Some questions of efficiency when matching items in lists [message #83015] |
Thu, 31 January 2013 16:05 |
Matt Francis
Messages: 94 Registered: May 2010
|
Member |
|
|
I have a couple of questions about how to efficiently match items in lists. There are two operations that are done many thousands of times in my processing and are causing a bottleneck. Even small improvements would be welcome.

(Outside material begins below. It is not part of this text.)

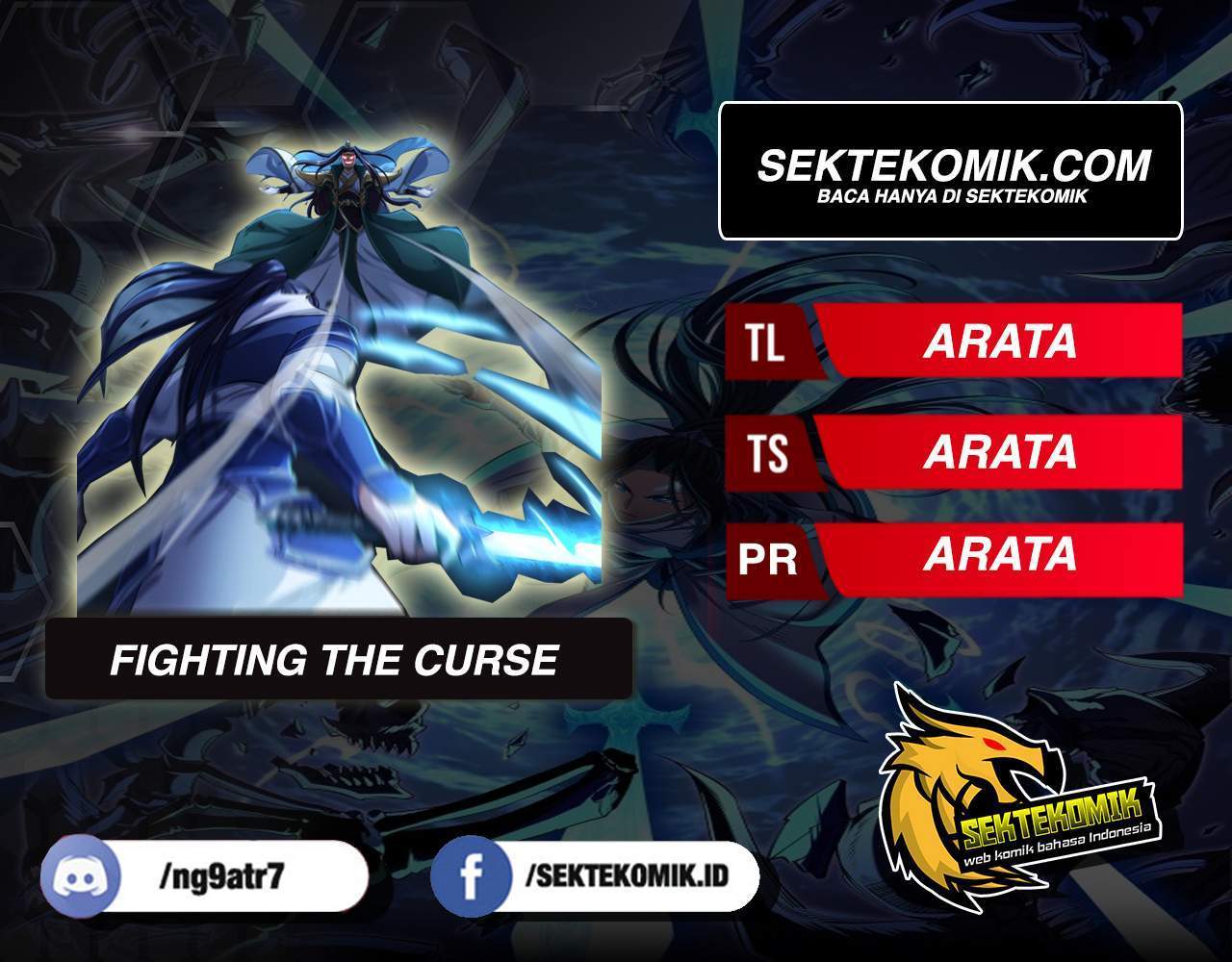 Baca Komik Fighting The Curse Chapter 3 Gambar 1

The first issue is writing information with an associated time to a daily file containing all the data for the day. The file is a simple CSV format with the time of day then the value as the two columns. The processing occurs in near real time, but the complication is that 'older' values often need to be updated as well as the latest value needing to be written, so I can't do a simple append. The current approach for adding a single value at some time is this:
timeS = <string representation of timestamp of this data value>
; Read existing data
nlines = file_lines(fname)
fdata = strarr(2,nlines)
sdata = strarr(nlines)
openr,lun,fname,/get_lun
readf,lun,sdata
free_lun,lun
for j=0,nlines-1 do fdata[*,j] = strsplit(sdata[j],' ',/extract)

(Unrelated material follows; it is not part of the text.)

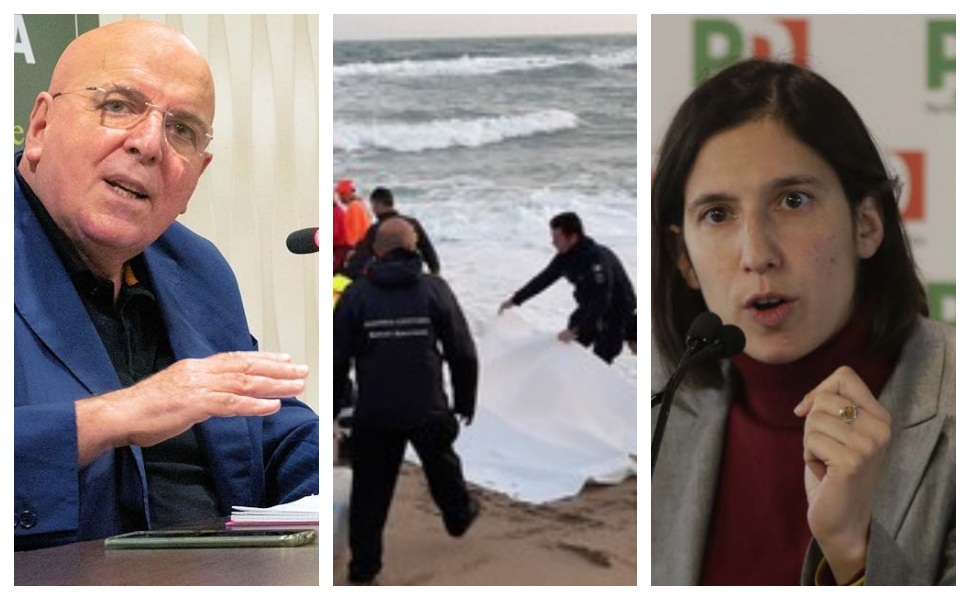 oliverio schlein migranti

; Check for overwrite or append
indx = where(timeS eq fdata[0,*],count)
if count eq 1 then fdata[1,indx] = new_data else fdata=[[fdata],[timeS,new_data]]
; Write out to temp file
openw,lun,tfname,/get_lun
for j=0,n_elements(fdata)/2-1 do printf,lun,fdata[0,j],' ',fdata[1,j]
free_lun,lun
; Use file system to overwrite file
file_move,tfname,fname,/over
The other related issue is that I later need to collate these files for many different data sources into a single handy structure for analysis. I read each file into an array of {time:0.,value:} structures and combine into a single {time:0., a:0., b:0., ....} structure array. The different sources may have missing data points, so the times need to be matched up carefully. At the moment I do something like
data_add = <structure array for a single data source>
data = <structure array for the collated data from all sources>
for i=0,n_elements(data_add)-1 do begin
indx=where(data_add[i].time eq data.time,count)
if count eq 1 then data[indx].<this source tag> = data_add[i].value
Can the outer loop be removed by some single operation that matches all the elements in data_add.time to the elements in data.time ?
|
|
|